**Given information**
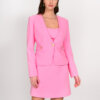 WE COSS Σακάκι μεσάτο σε ροζ χρώμα||Γυναικεία σακάκια||Γυναικεία ρούχα
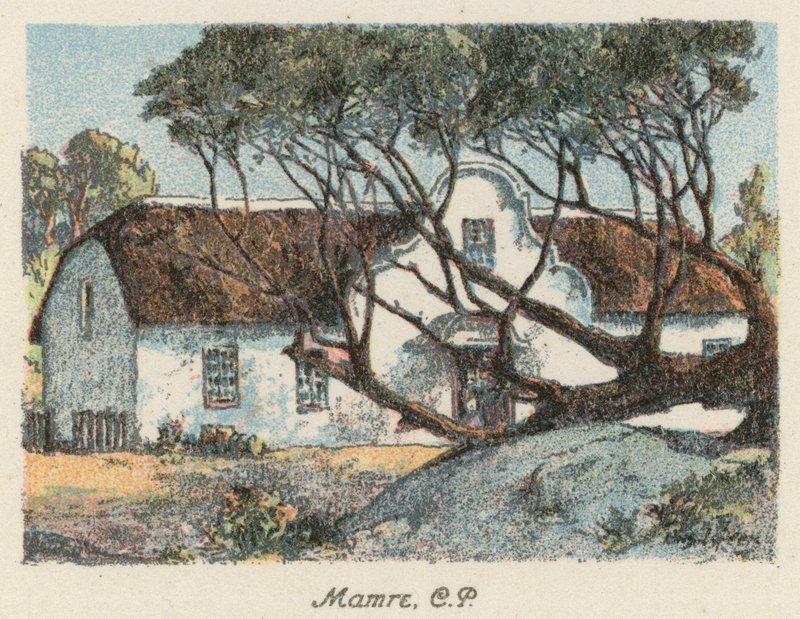 Zuid-Afrika: Mamre, CP door Charles Ernest Peers
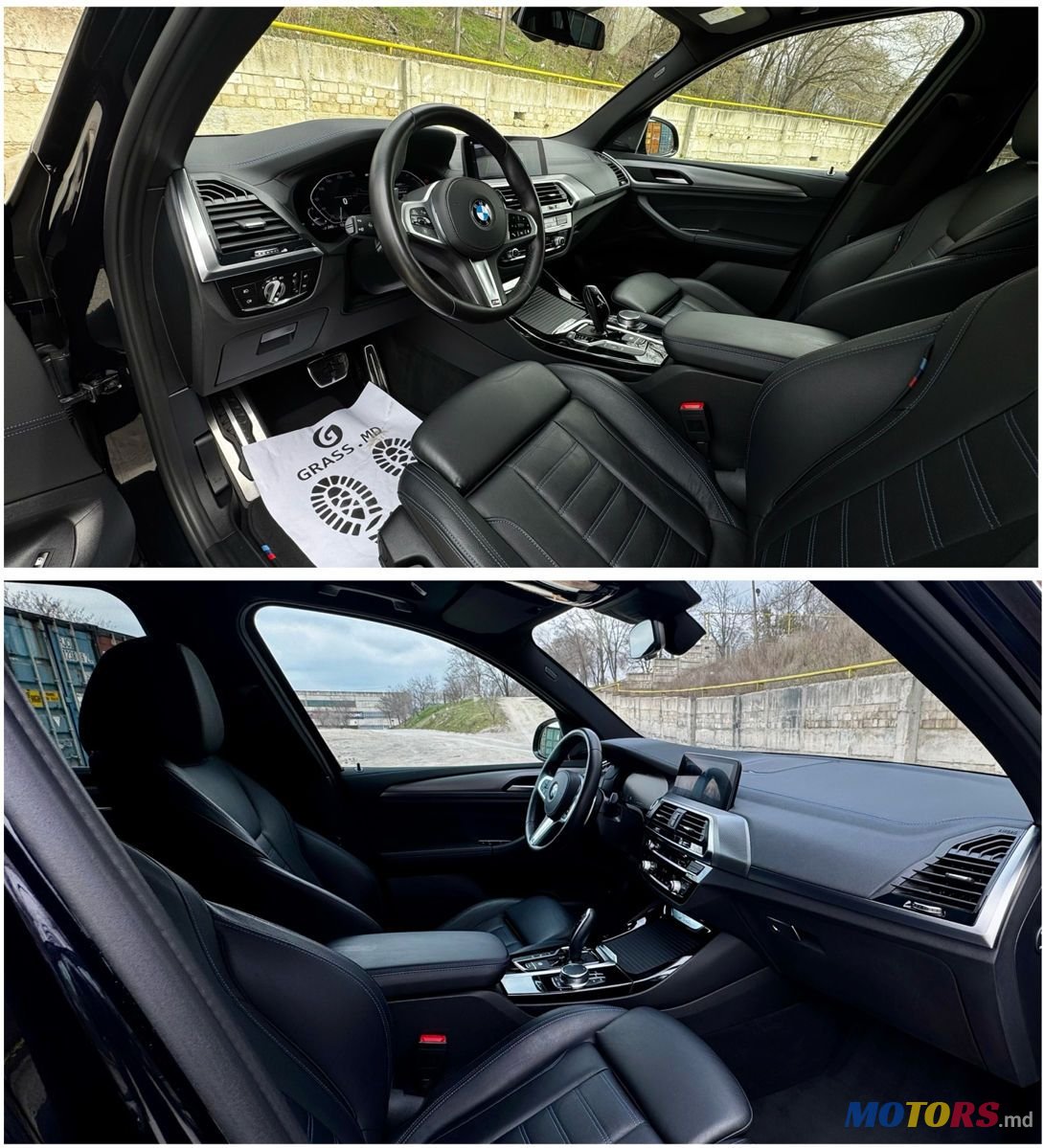 2021' BMW X3 photo #5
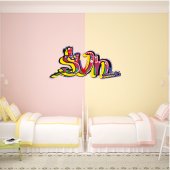 Sun Wall Stickers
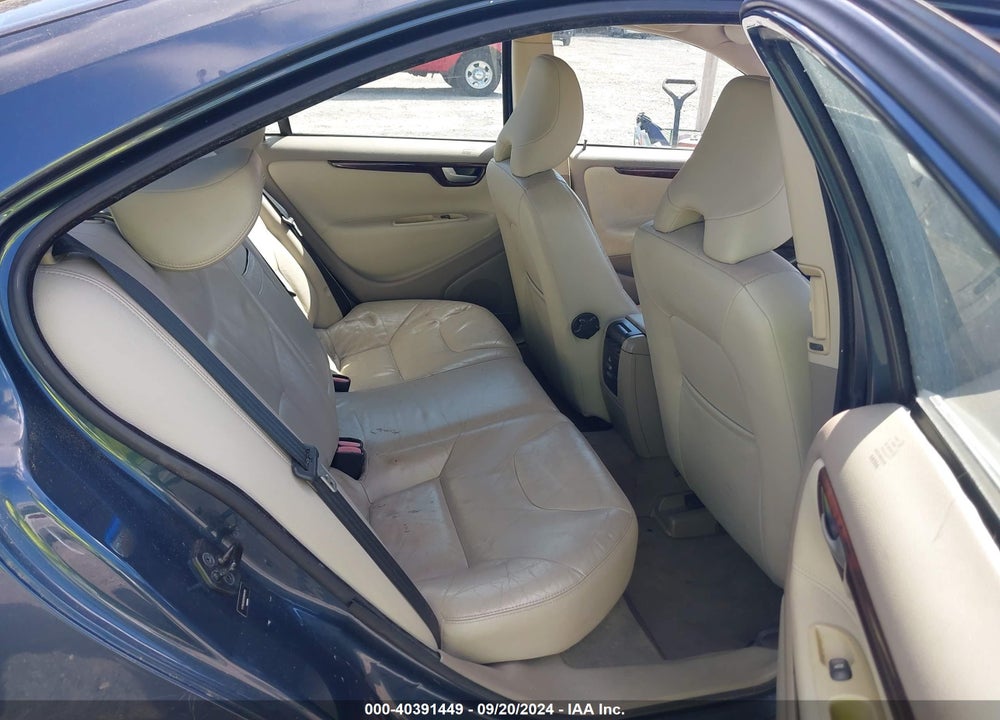 2008 VOLVO S60 2.5T VIN: YV1RS592082694556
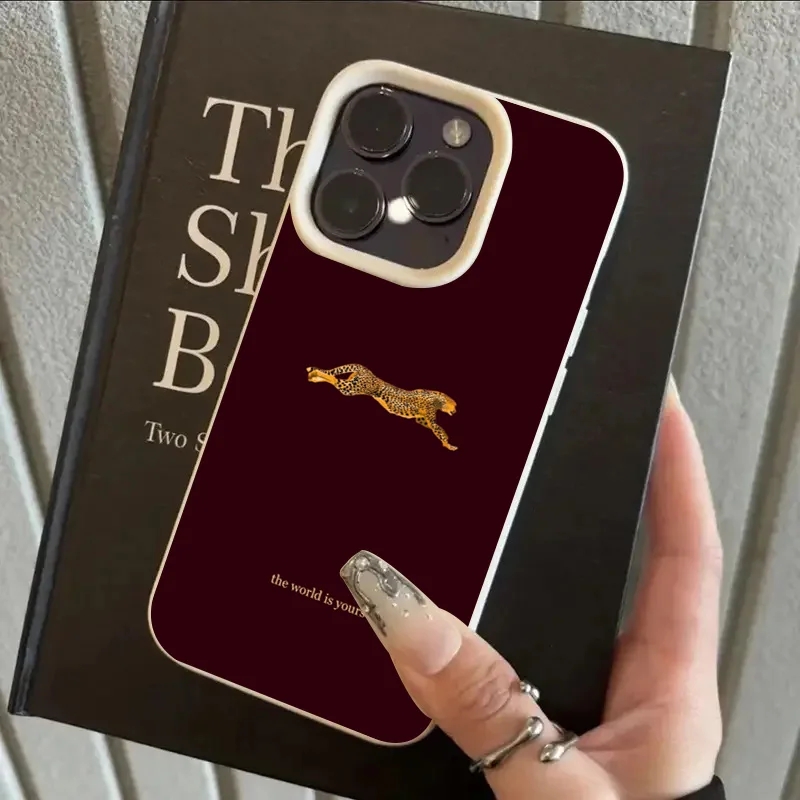 Fashion Leopard Wine Red Soft  - Wine & Beer Packages recension och pris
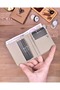 Genuine Leather Wallet with Coin Compartment and Zipper 2140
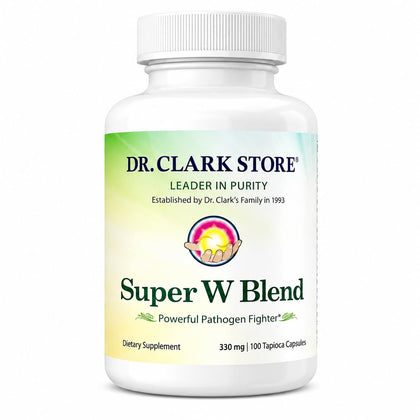 Dr Clark Store Mélange d'Armoise 330mg 100 Capsules Végétales vue de face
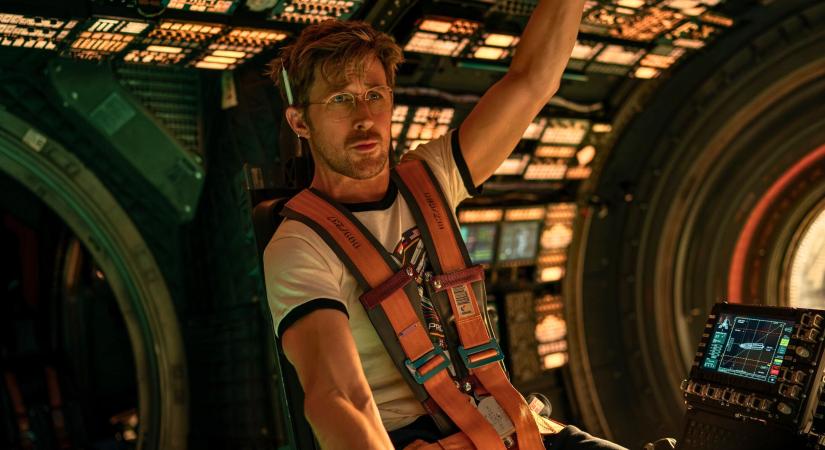 Hamarosan a mozikban: Új előzetest kapott Ryan Gosling sci-fije, A Hail Mary-küldetés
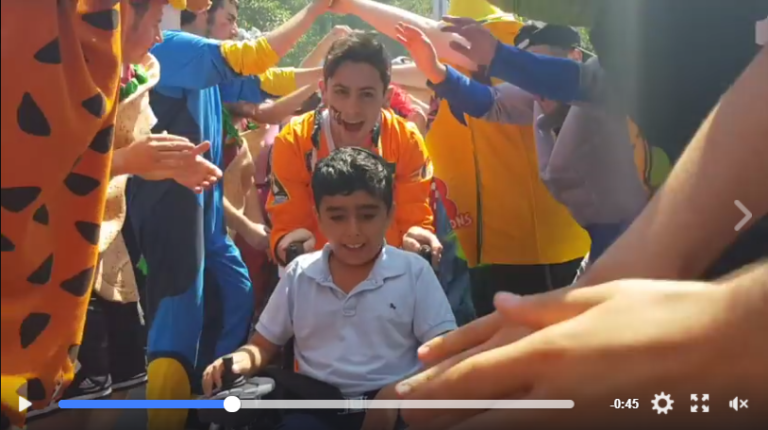 Watch: Camp Simcha Special “Truly Magical”
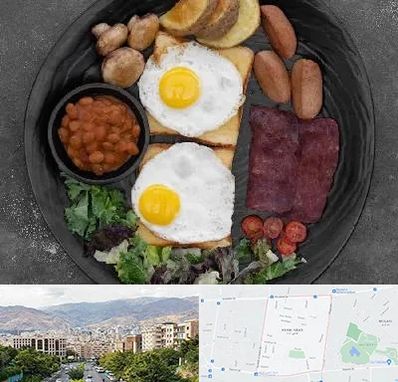 صبحانه انگلیسی در خانی آباد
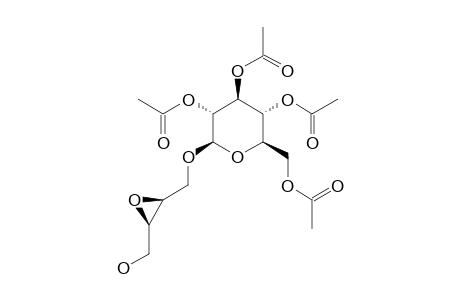(2S,3R)-2,3-EPOXY-4-HYDROXYBUTYL-TETRA-O-ACETYL-BETA-D-GLUCOPYRANOSIDE
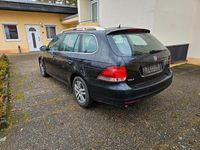 Gebraucht VW Golf VI 122 PS (89 kW) 2010 Schwarz Kleinwagen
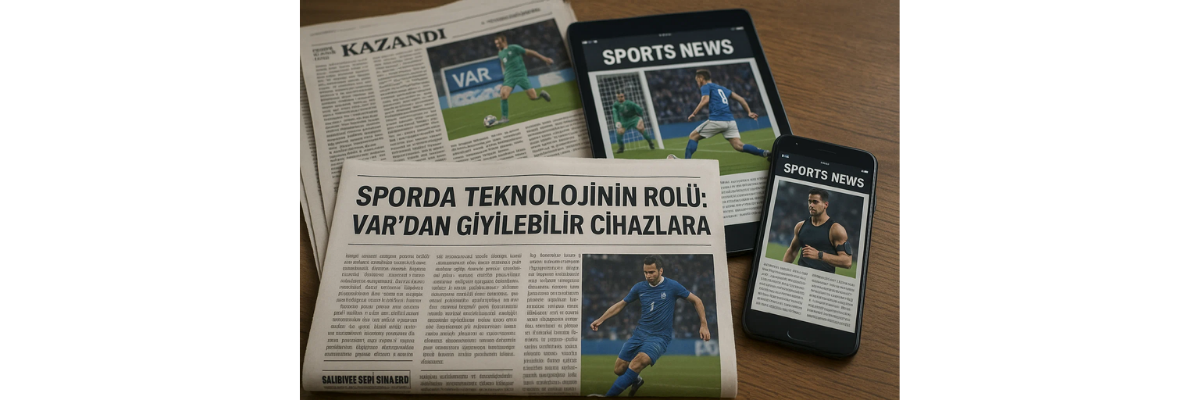 Sporda Teknolojinin Rolü VAR’dan Giyilebilir Cihazlara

**Your objective**
The material above is to be transcribed exactly, with its images omitted.

**Task result**
 WE COSS Σακάκι μεσάτο σε ροζ χρώμα||Γυναικεία σακάκια||Γυναικεία ρούχα
 Zuid-Afrika: Mamre, CP door Charles Ernest Peers
 2021' BMW X3 photo #5
 Sun Wall Stickers
 2008 VOLVO S60 2.5T VIN: YV1RS592082694556
 Fashion Leopard Wine Red Soft  - Wine & Beer Packages recension och pris
 Genuine Leather Wallet with Coin Compartment and Zipper 2140
 Dr Clark Store Mélange d'Armoise 330mg 100 Capsules Végétales vue de face
 Hamarosan a mozikban: Új előzetest kapott Ryan Gosling sci-fije, A Hail Mary-küldetés
 Watch: Camp Simcha Special “Truly Magical”
 صبحانه انگلیسی در خانی آباد
(2S,3R)-2,3-EPOXY-4-HYDROXYBUTYL-TETRA-O-ACETYL-BETA-D-GLUCOPYRANOSIDE
 Gebraucht VW Golf VI 122 PS (89 kW) 2010 Schwarz Kleinwagen
 Sporda Teknolojinin Rolü VAR’dan Giyilebilir Cihazlara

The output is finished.